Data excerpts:
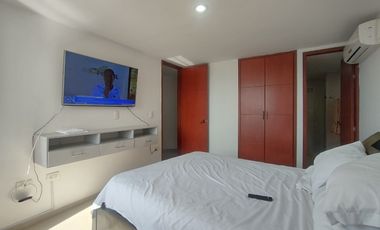 apartamento en venta en caobos. Cod V29837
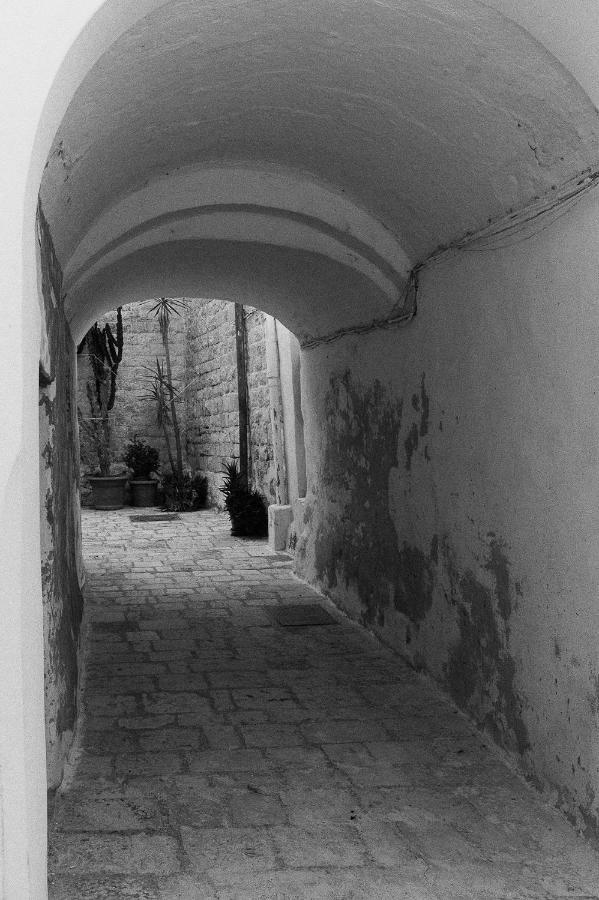 A Sud Holiday House Polignano a Mare Exterior photo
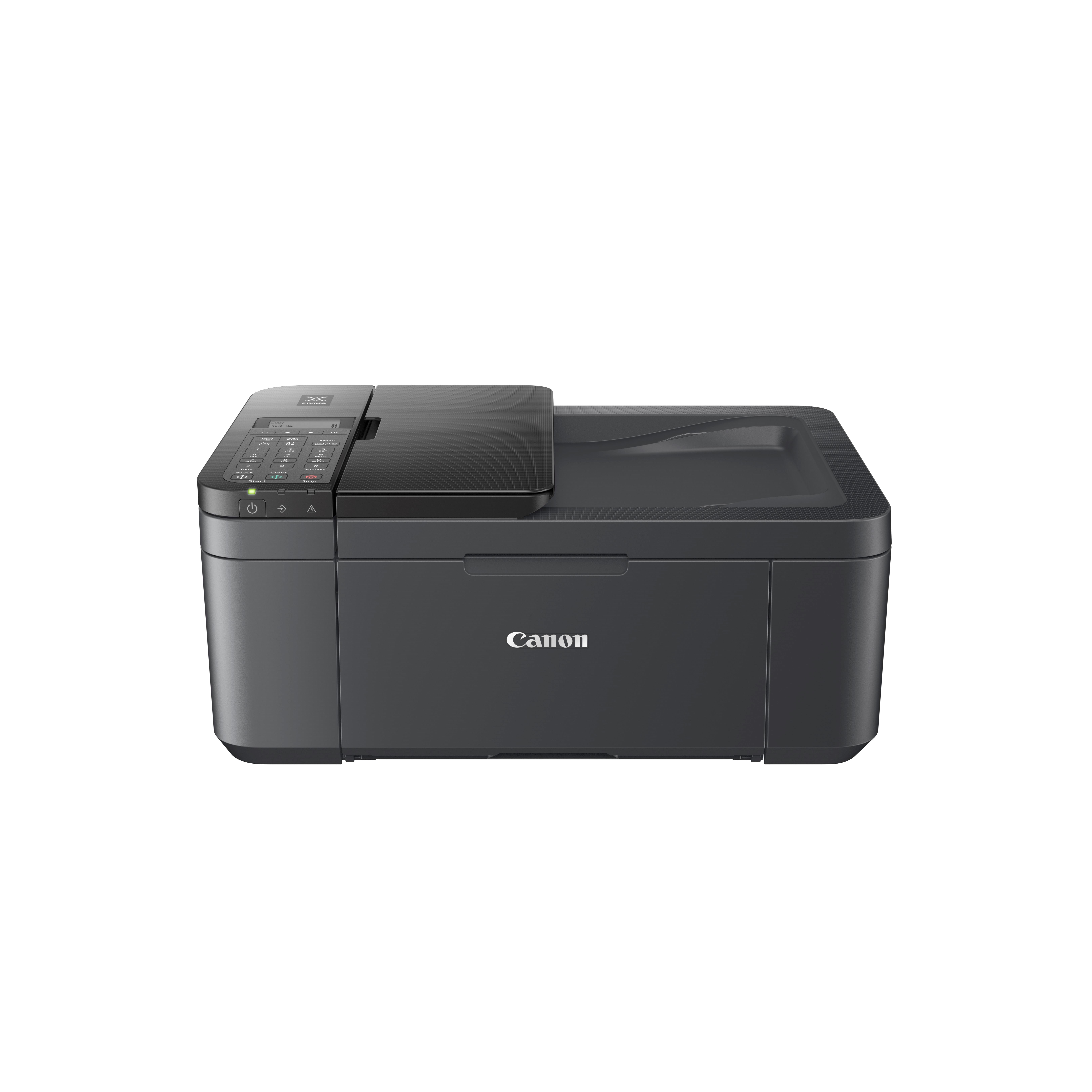 Canon PIXMA TR4755i - Black Multifunktion - Farve - Blæk Printer 5074C036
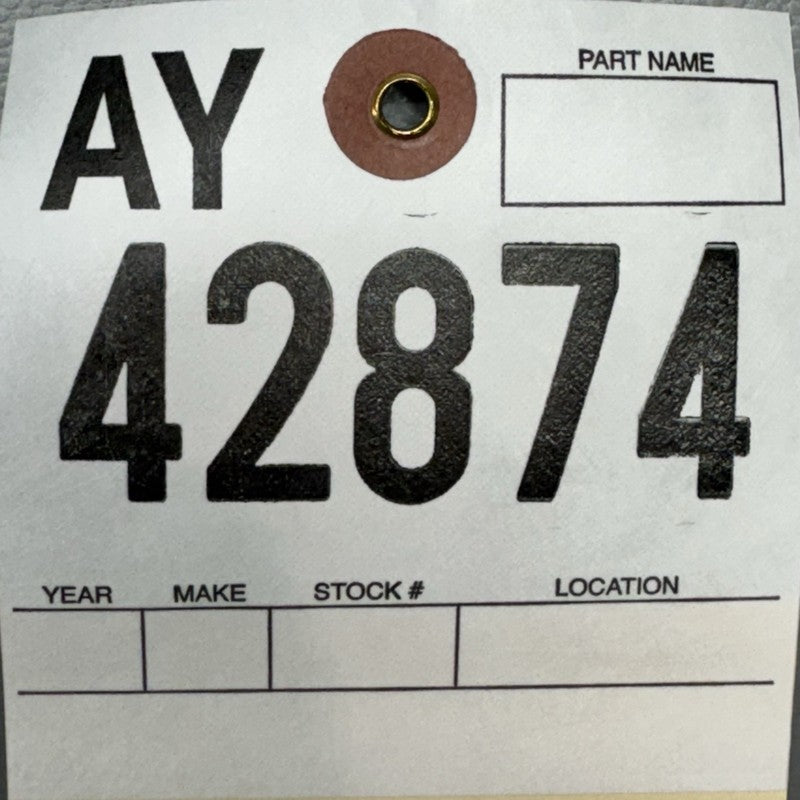 a2059064203 MERCEDES BENZ C300 HEADLIGHT C400 RIGHT PASSENGER 2015 2016 2017 2018 LED OEM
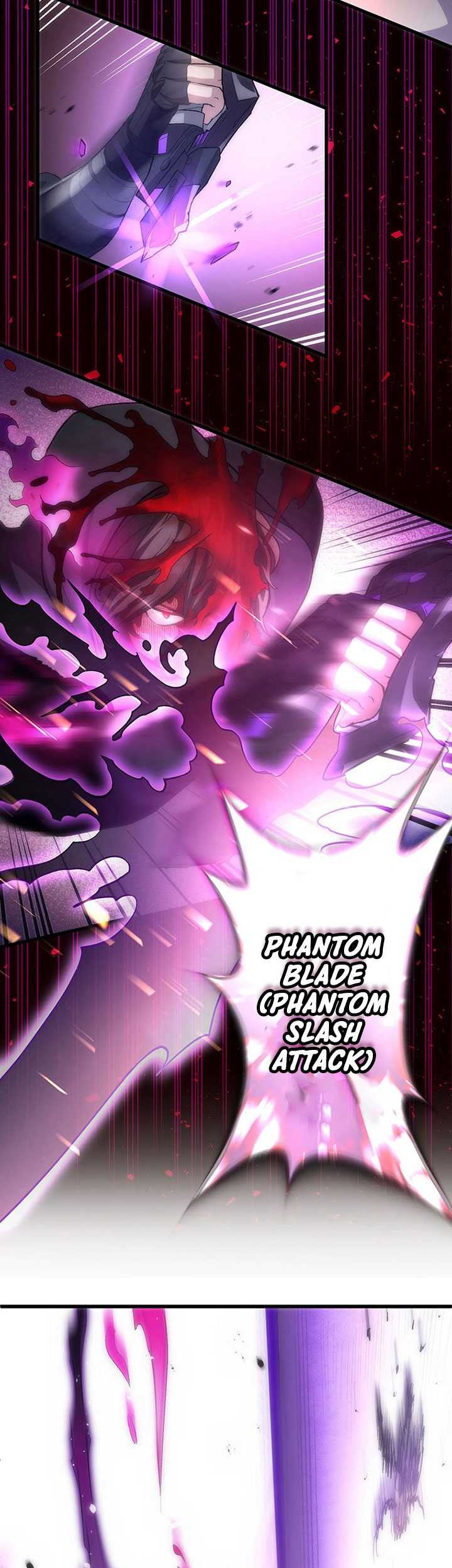 The Regressed S-Class Adventurer’s Quest Life Chapter 1 - halaman 92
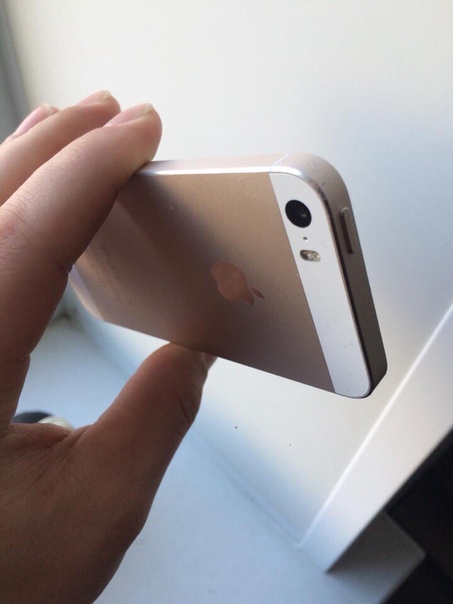 Apple iPhone 5s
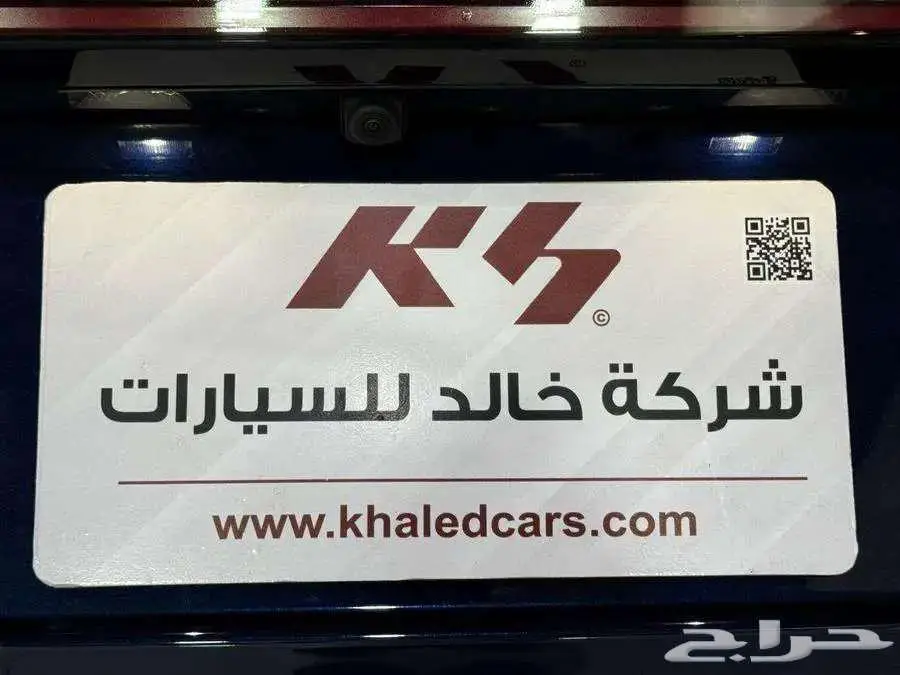 سوزوكي فرونكس 2025 قسطها الان مع خالد 18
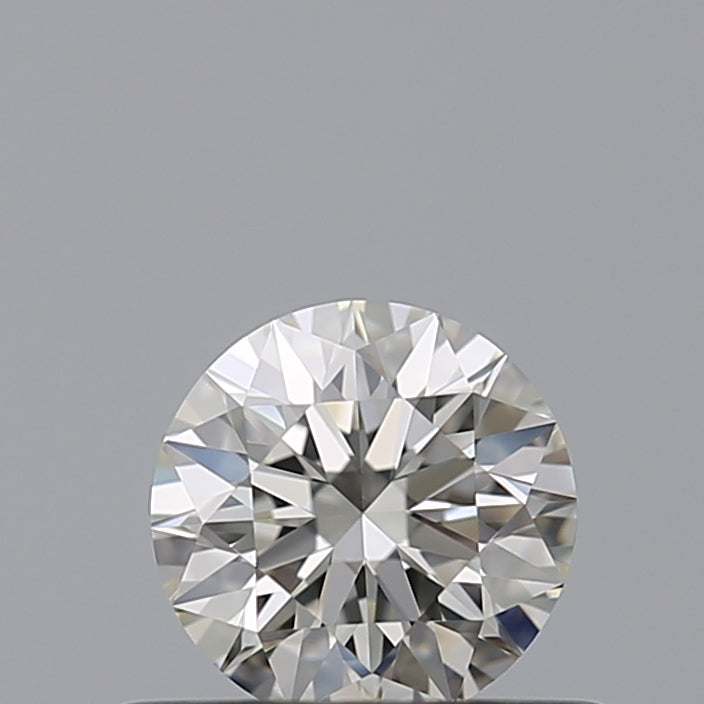 0.44 carat Round diamond G  VVS2 Excellent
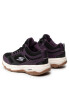 Skechers Туристически Highly Elevated 128206/BKPR Черен - Pepit.bg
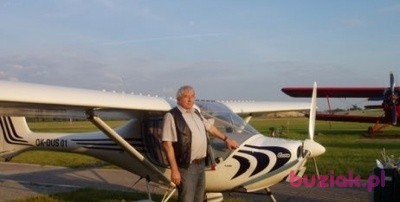 RYSZARD, Male, 85, Włocławek, Polska, Photo: 1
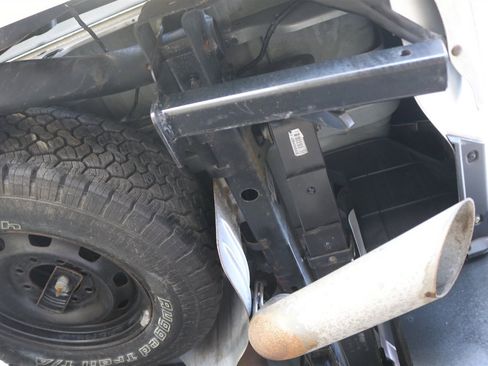 Used 2012 RAM 3500 Big Horn image 33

[PROBLEM]: Starting at the line that contains "Canon PIXMA TR4755i", restate every line through the end of the records exactly as written, but leave the pictures out.

[RESPONSE TO THE TASK]:
 Canon PIXMA TR4755i - Black Multifunktion - Farve - Blæk Printer 5074C036
 a2059064203 MERCEDES BENZ C300 HEADLIGHT C400 RIGHT PASSENGER 2015 2016 2017 2018 LED OEM
 The Regressed S-Class Adventurer’s Quest Life Chapter 1 - halaman 92
 Apple iPhone 5s
 سوزوكي فرونكس 2025 قسطها الان مع خالد 18
 0.44 carat Round diamond G  VVS2 Excellent
 Skechers Туристически Highly Elevated 128206/BKPR Черен - Pepit.bg
 RYSZARD, Male, 85, Włocławek, Polska, Photo: 1
 Used 2012 RAM 3500 Big Horn image 33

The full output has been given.